- Chairman Kelvin Wong warns of inflated DAT share prices.
- Boyaa Interactive and Ourgame International among affected firms.
- India and Australia also move to curb crypto-heavy listings.
Hong Kong’s Securities and Futures Commission (SFC) has stepped up its scrutiny of listed companies holding digital asset treasuries (DATs) after findings suggested retail investors may have lost billions trading these stocks.
The regulator is concerned that some companies’ share prices may be trading well above the value of their crypto holdings, raising questions about investor protection and market transparency.
The move comes amid growing global unease over corporate exposure to digital assets, with regulators in Hong Kong, India and Australia tightening oversight of firms that integrate cryptocurrency into their balance sheets.
SFC flags risk of inflated share valuations
SFC chairman Kelvin Wong Tin-yau said the commission is closely monitoring how listed companies manage their crypto assets, noting that some stock prices might not reflect the true value of those holdings.
Wong pointed to examples in the United States where companies exposed to digital assets saw valuations rise to more than double the cost basis of their crypto portfolios.
Research from Singapore-based 10X Research earlier this month indicated retail investors may have lost roughly $17 billion in aggregate trading digital asset-linked stocks.
Many of those losses came from investors who bought shares at a premium far above the company’s net asset value.
Some of Hong Kong’s most active DAT firms, including Boyaa Interactive and Ourgame International, have seen share performance weaken amid crypto market volatility.
The SFC’s growing concern reflects a broader effort to assess whether such companies pose a risk to financial stability, particularly when share prices are driven more by speculative demand than by operational performance.
Regulators push back on rebranding attempts
Authorities in Hong Kong have already acted against companies that try to rebrand themselves as crypto-holding entities without substantial underlying business activity.
The SFC cited listing rules that restrict companies from holding excessive liquid assets, including cryptocurrencies, on their balance sheets without demonstrating a clear operational rationale.
Wong said investors should “fully understand the underlying risks of DATs” and added that the commission plans to expand public education campaigns to help retail investors grasp how digital asset treasuries work and the market volatility they may face.
Once its review is complete, the SFC will decide whether specific rules are needed for DATs, as Hong Kong currently lacks a tailored framework governing listed companies that invest directly in cryptocurrencies.
Global caution spreads across markets
Regulatory caution is not limited to Hong Kong.
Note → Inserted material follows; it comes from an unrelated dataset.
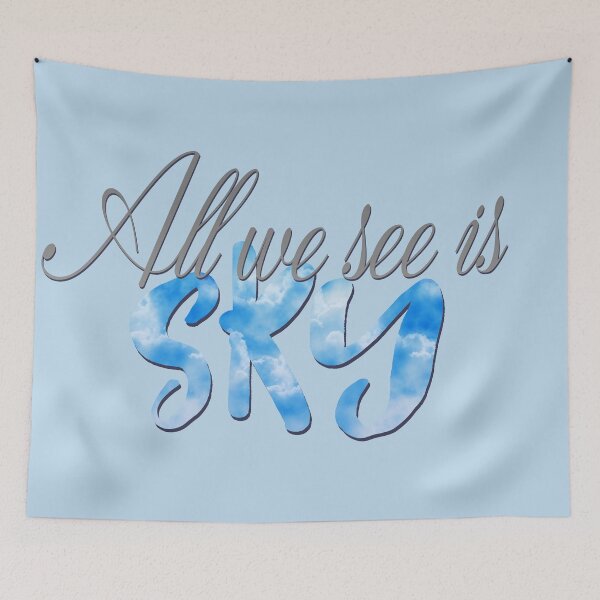 Item preview, All We See Is Sky designed and sold by Theatre Thoughts.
Similar developments have emerged recently in India and Australia, where exchanges raised concerns about listed firms shifting large portions of capital into crypto holdings.
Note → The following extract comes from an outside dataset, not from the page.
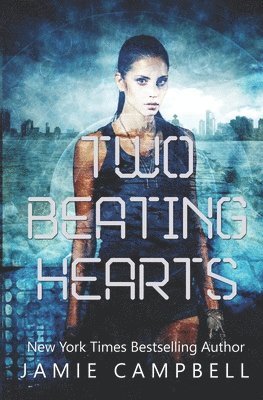 Jamie Campbell - Two Beating Hearts, Häftad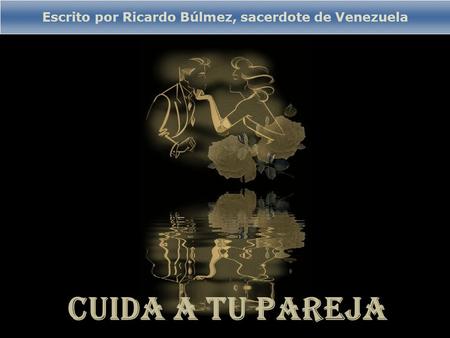 Escrito por Ricardo Búlmez, sacerdote de Venezuela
In Australia, the Australian Securities Exchange (ASX) limits listed companies from holding more than 50% of their assets in cash or cash-like instruments, a rule that complicates efforts to build crypto-heavy balance sheets.
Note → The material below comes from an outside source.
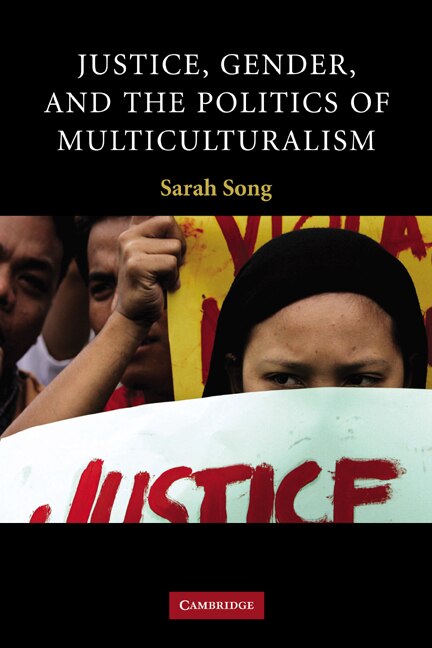 Front cover_Justice, Gender, and the Politics of Multiculturalism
In India, the Bombay Stock Exchange recently rejected a listing proposal from Jetking Infotrain because the plan involved allocating funds to digital assets.
Across jurisdictions, regulators are increasingly adjusting rules to demand clearer oversight of corporate crypto exposure.
Industry worries about unsustainable models
Crypto industry experts have raised concerns that many DAT companies operate without robust governance frameworks or defined risk controls.
Without clear strategies to manage asset volatility or liquidity shocks, retail investors may face significant losses during market downturns.
While digital asset treasuries offer companies a new way to diversify holdings, regulators argue such moves must be supported by sound business fundamentals rather than speculative enthusiasm.
The SFC’s review marks an important step in defining how listed companies can responsibly integrate crypto into their financial strategies without putting shareholders at undue risk.